(Records excerpted from a collection)

>>>

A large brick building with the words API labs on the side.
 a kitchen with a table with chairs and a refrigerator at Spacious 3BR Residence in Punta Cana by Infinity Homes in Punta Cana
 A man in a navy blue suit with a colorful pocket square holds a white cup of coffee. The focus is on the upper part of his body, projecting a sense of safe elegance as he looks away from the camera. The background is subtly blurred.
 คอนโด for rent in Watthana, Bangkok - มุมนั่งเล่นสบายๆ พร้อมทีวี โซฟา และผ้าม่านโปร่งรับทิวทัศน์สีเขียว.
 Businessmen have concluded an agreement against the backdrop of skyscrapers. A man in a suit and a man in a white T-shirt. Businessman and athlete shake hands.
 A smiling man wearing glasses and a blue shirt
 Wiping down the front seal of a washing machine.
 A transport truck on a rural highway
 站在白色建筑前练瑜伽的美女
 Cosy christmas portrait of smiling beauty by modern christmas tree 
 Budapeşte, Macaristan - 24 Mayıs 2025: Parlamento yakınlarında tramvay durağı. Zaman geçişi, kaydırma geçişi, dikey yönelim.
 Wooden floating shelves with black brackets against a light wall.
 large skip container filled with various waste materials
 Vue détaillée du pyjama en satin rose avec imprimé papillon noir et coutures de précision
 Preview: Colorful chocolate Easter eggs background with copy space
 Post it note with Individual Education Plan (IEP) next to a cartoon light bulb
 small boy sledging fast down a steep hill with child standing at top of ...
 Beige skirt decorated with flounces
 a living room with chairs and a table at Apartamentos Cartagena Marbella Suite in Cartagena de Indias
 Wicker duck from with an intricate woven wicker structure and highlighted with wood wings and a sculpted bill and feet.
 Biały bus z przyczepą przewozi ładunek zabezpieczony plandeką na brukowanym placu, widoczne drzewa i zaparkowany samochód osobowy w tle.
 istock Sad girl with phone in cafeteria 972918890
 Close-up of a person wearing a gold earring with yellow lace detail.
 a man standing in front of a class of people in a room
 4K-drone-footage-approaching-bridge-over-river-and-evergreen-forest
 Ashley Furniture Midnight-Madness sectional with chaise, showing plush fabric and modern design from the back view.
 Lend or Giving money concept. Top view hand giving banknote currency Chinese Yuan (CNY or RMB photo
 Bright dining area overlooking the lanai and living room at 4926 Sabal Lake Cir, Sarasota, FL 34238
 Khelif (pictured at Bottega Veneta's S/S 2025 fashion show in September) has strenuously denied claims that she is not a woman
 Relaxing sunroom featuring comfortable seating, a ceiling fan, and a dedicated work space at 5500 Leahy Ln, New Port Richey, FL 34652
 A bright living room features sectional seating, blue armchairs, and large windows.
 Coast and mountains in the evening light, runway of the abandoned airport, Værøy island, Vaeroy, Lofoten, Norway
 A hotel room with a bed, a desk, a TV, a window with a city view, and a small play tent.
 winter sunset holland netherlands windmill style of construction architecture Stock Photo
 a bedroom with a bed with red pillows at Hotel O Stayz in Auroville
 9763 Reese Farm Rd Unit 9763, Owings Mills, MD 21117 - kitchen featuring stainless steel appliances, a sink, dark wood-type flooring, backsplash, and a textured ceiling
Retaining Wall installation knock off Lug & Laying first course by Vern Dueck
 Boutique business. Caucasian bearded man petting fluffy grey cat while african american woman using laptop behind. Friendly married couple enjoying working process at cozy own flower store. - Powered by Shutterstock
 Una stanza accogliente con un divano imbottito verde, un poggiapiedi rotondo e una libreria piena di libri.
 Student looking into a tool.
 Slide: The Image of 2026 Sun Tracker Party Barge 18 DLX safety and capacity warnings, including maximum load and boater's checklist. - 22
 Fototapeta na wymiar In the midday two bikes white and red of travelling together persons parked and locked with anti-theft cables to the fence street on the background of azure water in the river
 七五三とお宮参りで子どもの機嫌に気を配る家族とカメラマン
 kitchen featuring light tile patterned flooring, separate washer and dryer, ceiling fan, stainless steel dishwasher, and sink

<<<

• YOUR INSTRUCTIONS: Beginning with the top line of the data above, output every line exactly until the one that contains "large skip container", and include that one too.

• THE COMPLETED TASK:
A large brick building with the words API labs on the side.
 a kitchen with a table with chairs and a refrigerator at Spacious 3BR Residence in Punta Cana by Infinity Homes in Punta Cana
 A man in a navy blue suit with a colorful pocket square holds a white cup of coffee. The focus is on the upper part of his body, projecting a sense of safe elegance as he looks away from the camera. The background is subtly blurred.
 คอนโด for rent in Watthana, Bangkok - มุมนั่งเล่นสบายๆ พร้อมทีวี โซฟา และผ้าม่านโปร่งรับทิวทัศน์สีเขียว.
 Businessmen have concluded an agreement against the backdrop of skyscrapers. A man in a suit and a man in a white T-shirt. Businessman and athlete shake hands.
 A smiling man wearing glasses and a blue shirt
 Wiping down the front seal of a washing machine.
 A transport truck on a rural highway
 站在白色建筑前练瑜伽的美女
 Cosy christmas portrait of smiling beauty by modern christmas tree 
 Budapeşte, Macaristan - 24 Mayıs 2025: Parlamento yakınlarında tramvay durağı. Zaman geçişi, kaydırma geçişi, dikey yönelim.
 Wooden floating shelves with black brackets against a light wall.
 large skip container filled with various waste materials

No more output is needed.